Team attrition? Thank goodness for contractors

Attrition was worrying, accelerated by some interpersonal issues and the standard flow of enquiries from hiring competitors.

The apparent saving grace against attrition were the contractors who had been present for the maintenance of this code. They appeared happy, and the relationship between the customer and client was strong, so they weren’t going anywhere.

When the last internal person left, the contractors became more isolated from the rest of the business. Three internal product owners engaged with the space and then moved on, but these contractors soldiered on.

However, they had less oversight and lacked awareness of the broader goals of the company. The longer this continued, the more unique and less understandable the code became.

Funding difficulties means no more contractors

Unfortunately, the business hit funding difficulties when the VC darling of the local tech community pulled out of a funding deal. The details are irrelevant here, but suffice it to say that the show this investor puts on for the local tech community doesn’t square with the way they handled this.

All contractors (and a third of the permanent workforce) were out within a month of the deal failing, leaving no-one who knew the code.

Four engineers replace two entire teams

Four engineers found themselves in the space vacated by two entire teams, looking after various systems including this code.
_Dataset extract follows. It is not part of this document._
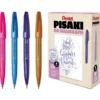 Kurs letteringu, zestaw do kaligrafii - Pentel - PSVY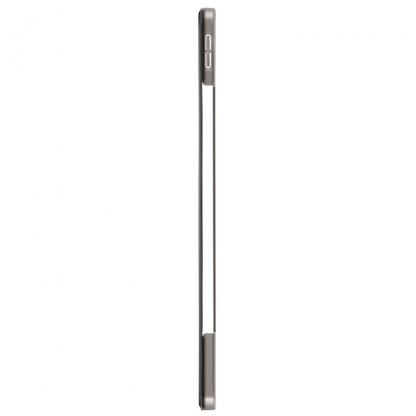 Spigen Smart Fold Case - кожен кейс и поставка за iPad Air 13 (2024) (черен) 4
Over months they pieced together a picture of how it was supposed to work, learning (amongst other things) that the process had been broken for months before they took over. Fixes went in, and increased monitoring was added.

Attrition continues

Unfortunately attrition had not taken a break during the crisis: ten months later one departure, another pending resignation, an extended period of leave for a third member, and a hiring freeze left the team poorly positioned for the ongoing flood of production issues.

The final two: Carlos and Fred

The two available members (let’s call them Carlos and Fred) soldiered on, trying to make sure that the old code would be safe with fewer and fewer people available to maintain it (if you’re counting, the two would soon be reduced to one after Fred completed his notice period).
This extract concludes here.